## Records for this exercise
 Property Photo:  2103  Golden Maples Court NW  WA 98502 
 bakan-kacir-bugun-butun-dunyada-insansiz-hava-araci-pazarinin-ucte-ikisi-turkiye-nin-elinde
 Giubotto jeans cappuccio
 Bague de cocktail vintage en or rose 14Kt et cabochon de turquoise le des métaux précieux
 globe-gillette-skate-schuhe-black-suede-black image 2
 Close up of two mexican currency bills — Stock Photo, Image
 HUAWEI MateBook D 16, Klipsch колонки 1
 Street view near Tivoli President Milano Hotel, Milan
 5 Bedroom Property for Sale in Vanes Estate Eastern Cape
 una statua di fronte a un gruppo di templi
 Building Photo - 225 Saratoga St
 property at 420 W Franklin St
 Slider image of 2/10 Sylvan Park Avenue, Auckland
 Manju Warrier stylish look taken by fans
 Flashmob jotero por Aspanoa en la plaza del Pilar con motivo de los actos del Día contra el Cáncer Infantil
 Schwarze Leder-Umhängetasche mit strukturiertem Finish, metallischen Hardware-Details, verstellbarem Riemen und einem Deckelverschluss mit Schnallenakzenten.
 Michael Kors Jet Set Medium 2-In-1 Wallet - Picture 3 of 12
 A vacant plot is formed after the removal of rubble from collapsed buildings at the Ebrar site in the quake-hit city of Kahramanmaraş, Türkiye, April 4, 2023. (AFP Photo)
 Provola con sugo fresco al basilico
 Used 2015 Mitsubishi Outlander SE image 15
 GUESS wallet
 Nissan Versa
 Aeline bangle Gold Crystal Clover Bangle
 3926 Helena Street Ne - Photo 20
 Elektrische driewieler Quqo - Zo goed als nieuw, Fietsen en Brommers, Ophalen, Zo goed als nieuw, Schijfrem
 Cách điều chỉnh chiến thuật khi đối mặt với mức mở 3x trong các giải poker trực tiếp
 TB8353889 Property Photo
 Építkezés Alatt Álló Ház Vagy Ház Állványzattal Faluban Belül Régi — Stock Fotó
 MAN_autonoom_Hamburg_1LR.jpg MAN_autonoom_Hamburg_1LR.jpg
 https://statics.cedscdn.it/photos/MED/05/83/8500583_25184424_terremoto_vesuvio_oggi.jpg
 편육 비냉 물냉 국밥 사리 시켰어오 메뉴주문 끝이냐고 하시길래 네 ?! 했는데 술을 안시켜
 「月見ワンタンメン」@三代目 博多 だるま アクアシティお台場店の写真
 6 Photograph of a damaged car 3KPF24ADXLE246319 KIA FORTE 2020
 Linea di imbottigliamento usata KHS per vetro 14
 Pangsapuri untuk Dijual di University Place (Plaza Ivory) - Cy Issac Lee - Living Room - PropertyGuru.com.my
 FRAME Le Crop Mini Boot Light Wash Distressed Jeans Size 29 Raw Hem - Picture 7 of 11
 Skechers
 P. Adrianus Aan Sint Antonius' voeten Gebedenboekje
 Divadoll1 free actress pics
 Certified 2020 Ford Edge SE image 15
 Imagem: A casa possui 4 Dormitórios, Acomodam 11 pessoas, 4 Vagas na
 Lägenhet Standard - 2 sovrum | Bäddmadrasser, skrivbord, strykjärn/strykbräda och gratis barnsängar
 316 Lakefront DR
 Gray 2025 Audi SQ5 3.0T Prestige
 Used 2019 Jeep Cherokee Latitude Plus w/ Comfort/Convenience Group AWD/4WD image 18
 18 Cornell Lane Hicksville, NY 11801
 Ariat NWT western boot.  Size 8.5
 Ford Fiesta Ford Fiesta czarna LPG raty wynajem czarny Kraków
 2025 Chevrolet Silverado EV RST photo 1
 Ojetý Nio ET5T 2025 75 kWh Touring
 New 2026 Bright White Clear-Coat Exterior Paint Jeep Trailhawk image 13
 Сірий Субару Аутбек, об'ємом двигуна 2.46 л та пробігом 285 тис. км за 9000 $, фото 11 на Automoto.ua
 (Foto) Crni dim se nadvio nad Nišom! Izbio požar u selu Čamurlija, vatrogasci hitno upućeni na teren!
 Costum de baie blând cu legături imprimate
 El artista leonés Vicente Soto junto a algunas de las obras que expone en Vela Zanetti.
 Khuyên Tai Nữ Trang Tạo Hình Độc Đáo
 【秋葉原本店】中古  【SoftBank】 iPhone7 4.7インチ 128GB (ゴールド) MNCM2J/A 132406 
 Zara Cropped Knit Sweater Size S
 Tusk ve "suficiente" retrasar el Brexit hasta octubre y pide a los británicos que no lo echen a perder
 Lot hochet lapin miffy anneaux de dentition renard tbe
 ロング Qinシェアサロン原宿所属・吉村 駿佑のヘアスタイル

## Problem to solve
Lines containing the word "Ford" are to be located in the entries and copied.

## Exercise output
 Certified 2020 Ford Edge SE image 15
 Ford Fiesta Ford Fiesta czarna LPG raty wynajem czarny Kraków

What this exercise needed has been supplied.